The arrival of Joe Cole is one of the more exciting transfers Liverpool have made in the last few years. When he left West Ham for Chelsea he was a player I admired but the years since have probably tarnished his image a little. Shifted from pillar to post to please flair-averse managers, Cole’s game these days is less magical than it was and he seems to have as many detractors as he does advocates. But in his correct position, attacking central midfield, there’s a chance he can get back to being the player he has always threatened to be.
But if he’s playing in ‘the Steven Gerrard role’, where does that leave the man himself? How about in the holding role. Bear with me. If we assume Javier Mascherano makes good on his agent’s promises and leaves for Serie A, there is a huge gap in Liverpool’s central midfield. The argument for playing Gerrard further forward in a 4-2-3-1 bore fruit when:
b) there was no one else to play there
c) Gerrard was younger
d) Rafael Benitez was manager
Now, if Mascherano goes, none of those things apply. Roy Hodgson was a 4-4-1-1 man at Fulham and Liverpool have the players to make such a system work, even after Mascherano’s departure. Playing Gerrard as Liverpool’s defensive midfielder has been tried before, particularly in his early career. But as youngster with bags of energy and a venomous shot, it made little sense to have him anchor the team while lesser lights did the attacking. Now 30, Gerrard is at the crossroads. Does he continue to see himself as a central attacking midfielder in a flat midfield four, a role he has played so little for Liverpool down the years? Or does he acknowledge that with the passage of time and the arrival of Cole, Liverpool don’t need him to be Superman any more?

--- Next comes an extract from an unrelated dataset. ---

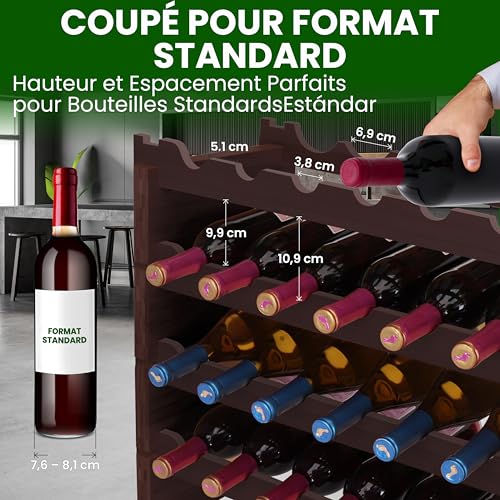 Étagère à vin empilable 72 bouteilles NutriChef pour stockage modulable - 5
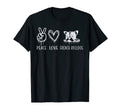 Peace Love French Bulldog Frenchie T-Shirt - Trendy Graphic for Adults - T-Shirt, Sweatshirt, Hoodie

Gerrard is still athletic and he still has a great shot, but playing him off Fernando Torres (or whoever is up front this season) has, to my mind, never been his best position. It was a marriage of convenience; Gerrard’s never been a No10. Cole, on the other hand, was born to play that role – he’s just suffered from managers in this country not trusting him to do it. So assuming Hodgson sticks with his Fulham-style 4-4-1-1, Gerrard might get his wish to play in central midfield again. Only I’d have him as the most defensive of the two. Again, bear with me.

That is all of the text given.